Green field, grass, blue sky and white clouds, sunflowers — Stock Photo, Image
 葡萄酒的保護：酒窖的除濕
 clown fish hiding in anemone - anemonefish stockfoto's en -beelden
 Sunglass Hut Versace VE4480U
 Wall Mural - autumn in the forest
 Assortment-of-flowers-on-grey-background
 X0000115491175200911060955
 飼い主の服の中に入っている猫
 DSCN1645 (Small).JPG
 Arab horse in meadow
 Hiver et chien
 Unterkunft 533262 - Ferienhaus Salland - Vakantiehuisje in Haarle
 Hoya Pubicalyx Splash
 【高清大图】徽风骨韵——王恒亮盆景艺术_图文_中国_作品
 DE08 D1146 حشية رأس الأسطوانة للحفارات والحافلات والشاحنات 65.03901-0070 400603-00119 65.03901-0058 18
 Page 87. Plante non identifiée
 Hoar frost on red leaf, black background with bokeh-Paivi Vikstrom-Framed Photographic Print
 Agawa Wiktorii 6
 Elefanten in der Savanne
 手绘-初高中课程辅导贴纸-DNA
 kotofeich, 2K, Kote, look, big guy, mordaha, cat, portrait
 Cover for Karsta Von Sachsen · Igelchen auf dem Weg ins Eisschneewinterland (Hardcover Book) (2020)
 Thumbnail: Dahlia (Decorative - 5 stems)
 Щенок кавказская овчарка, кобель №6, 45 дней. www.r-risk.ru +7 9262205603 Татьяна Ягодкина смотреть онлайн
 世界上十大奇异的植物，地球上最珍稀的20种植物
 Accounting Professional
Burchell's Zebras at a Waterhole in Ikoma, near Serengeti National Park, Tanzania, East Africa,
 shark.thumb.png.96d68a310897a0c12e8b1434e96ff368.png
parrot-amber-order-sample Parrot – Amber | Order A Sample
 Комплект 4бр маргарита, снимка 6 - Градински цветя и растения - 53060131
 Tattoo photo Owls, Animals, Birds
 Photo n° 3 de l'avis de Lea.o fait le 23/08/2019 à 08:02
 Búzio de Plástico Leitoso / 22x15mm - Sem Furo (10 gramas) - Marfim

:::

TASK DIRECTIONS: Make an exact copy of the whole listing, so that no line is lost.

RESPONSE BELOW:
Green field, grass, blue sky and white clouds, sunflowers — Stock Photo, Image
 葡萄酒的保護：酒窖的除濕
 clown fish hiding in anemone - anemonefish stockfoto's en -beelden
 Sunglass Hut Versace VE4480U
 Wall Mural - autumn in the forest
 Assortment-of-flowers-on-grey-background
 X0000115491175200911060955
 飼い主の服の中に入っている猫
 DSCN1645 (Small).JPG
 Arab horse in meadow
 Hiver et chien
 Unterkunft 533262 - Ferienhaus Salland - Vakantiehuisje in Haarle
 Hoya Pubicalyx Splash
 【高清大图】徽风骨韵——王恒亮盆景艺术_图文_中国_作品
 DE08 D1146 حشية رأس الأسطوانة للحفارات والحافلات والشاحنات 65.03901-0070 400603-00119 65.03901-0058 18
 Page 87. Plante non identifiée
 Hoar frost on red leaf, black background with bokeh-Paivi Vikstrom-Framed Photographic Print
 Agawa Wiktorii 6
 Elefanten in der Savanne
 手绘-初高中课程辅导贴纸-DNA
 kotofeich, 2K, Kote, look, big guy, mordaha, cat, portrait
 Cover for Karsta Von Sachsen · Igelchen auf dem Weg ins Eisschneewinterland (Hardcover Book) (2020)
 Thumbnail: Dahlia (Decorative - 5 stems)
 Щенок кавказская овчарка, кобель №6, 45 дней. www.r-risk.ru +7 9262205603 Татьяна Ягодкина смотреть онлайн
 世界上十大奇异的植物，地球上最珍稀的20种植物
 Accounting Professional
Burchell's Zebras at a Waterhole in Ikoma, near Serengeti National Park, Tanzania, East Africa,
 shark.thumb.png.96d68a310897a0c12e8b1434e96ff368.png
parrot-amber-order-sample Parrot – Amber | Order A Sample
 Комплект 4бр маргарита, снимка 6 - Градински цветя и растения - 53060131
 Tattoo photo Owls, Animals, Birds
 Photo n° 3 de l'avis de Lea.o fait le 23/08/2019 à 08:02
 Búzio de Plástico Leitoso / 22x15mm - Sem Furo (10 gramas) - Marfim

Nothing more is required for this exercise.